> [TRY IT]
The listing below is to be duplicated exactly, with every picture omitted.

> [INFORMATION SHOWN]

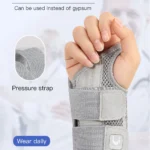 Wrist Brace for Carpal Tunnel Support Brace with Splints Hand Support for Arthritis Tendonitis Sprain Injuries Wrist Pain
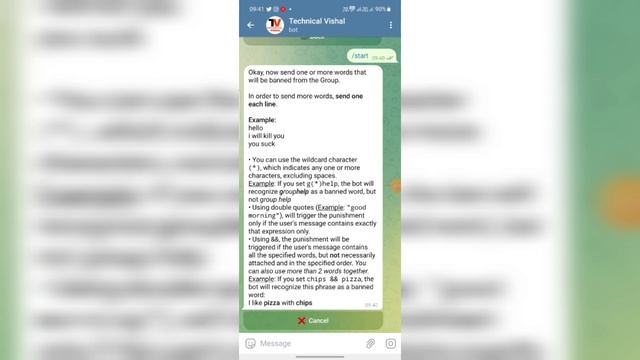 Telegram group auto link delete | telegram group link ban | how to ban links from telegram group смотреть онлайн
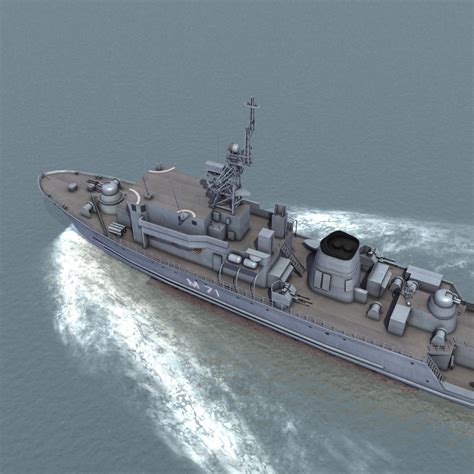 Natya Class Minesweeper 3d Model 149 3dm 3ds Dae Dwg Fbx Flt Obj Ma Wrl X Max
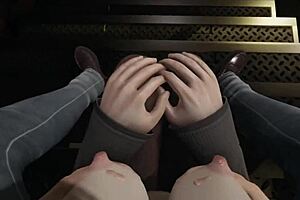 dame love resident evil fucking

> [EXERCISE SOLUTION]
 Wrist Brace for Carpal Tunnel Support Brace with Splints Hand Support for Arthritis Tendonitis Sprain Injuries Wrist Pain
 Telegram group auto link delete | telegram group link ban | how to ban links from telegram group смотреть онлайн
 Natya Class Minesweeper 3d Model 149 3dm 3ds Dae Dwg Fbx Flt Obj Ma Wrl X Max
 dame love resident evil fucking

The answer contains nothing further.